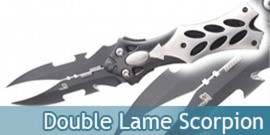 Couteau Double Lame Scorpion Master Cutlery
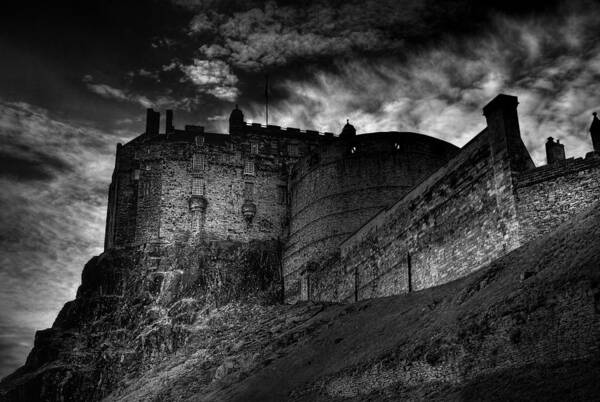 Edinburgh Castle Art Print featuring the painting Who you guna call?.... by John Chivers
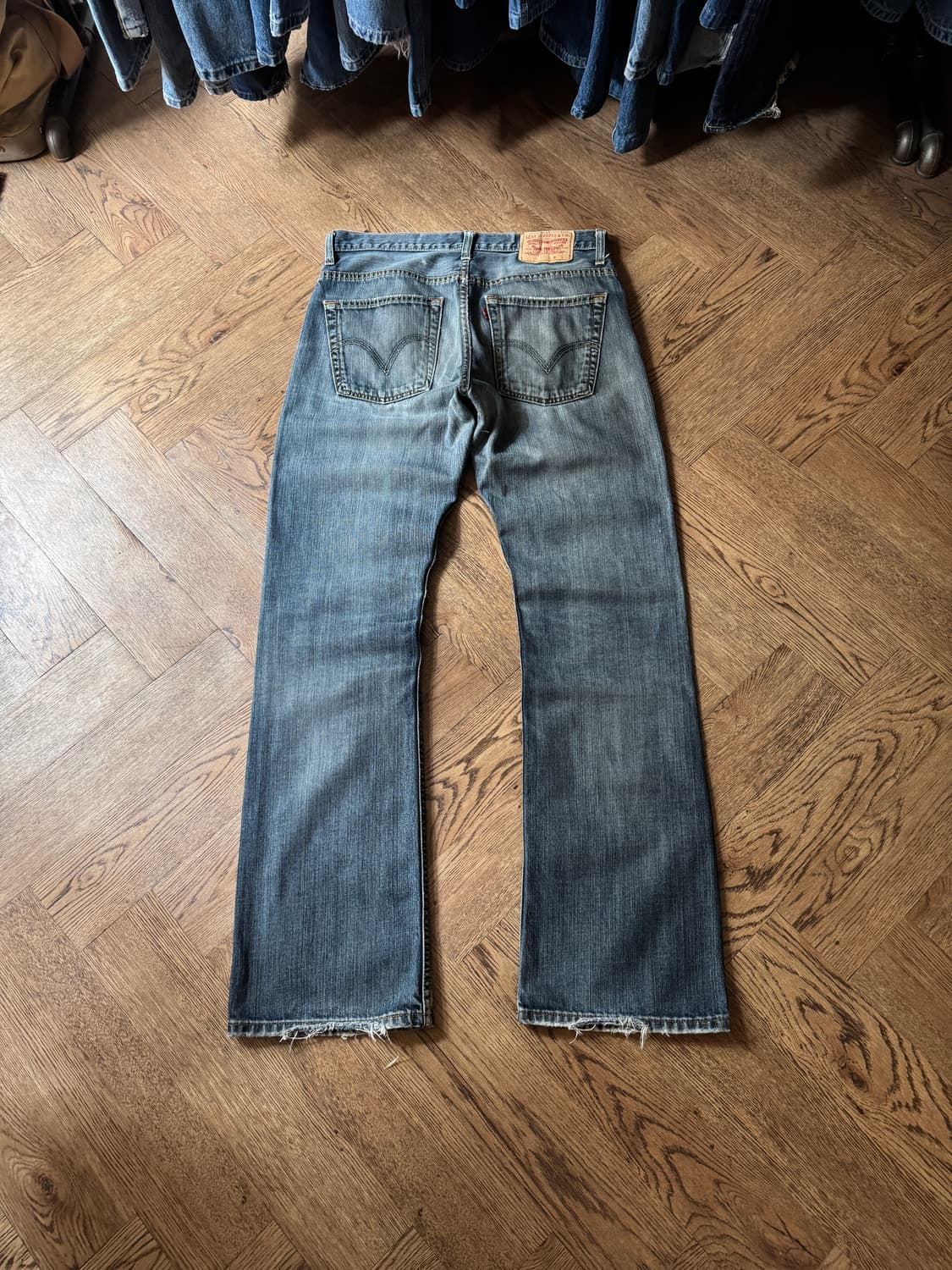 [32]리바이스 유럽 507 빈티지 페이딩 플레어진 상품이미지2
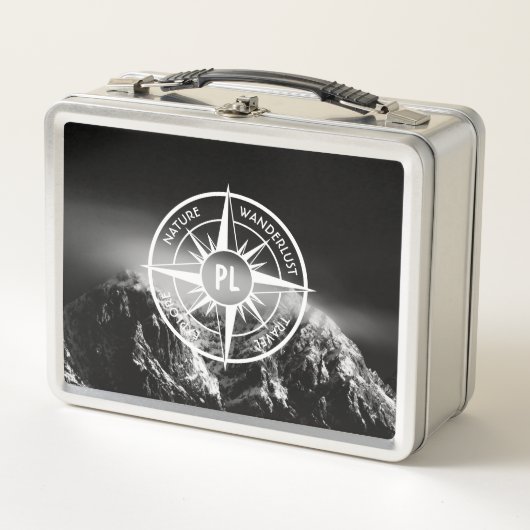 Lunch Box Aigle de compas monographie montagnes dramatiques (Devant)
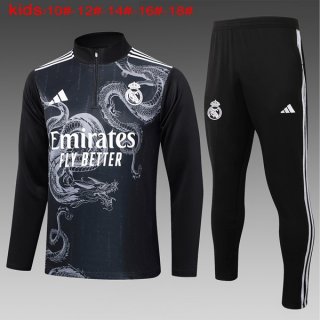 Enfant Training Real Madrid 2024-2025 Noir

■ ■ ■

Reproduce each entry precisely, dropping only the pictures.

Answer area |
 Couteau Double Lame Scorpion Master Cutlery
 Edinburgh Castle Art Print featuring the painting Who you guna call?.... by John Chivers
 [32]리바이스 유럽 507 빈티지 페이딩 플레어진 상품이미지2
 Lunch Box Aigle de compas monographie montagnes dramatiques (Devant)
 Enfant Training Real Madrid 2024-2025 Noir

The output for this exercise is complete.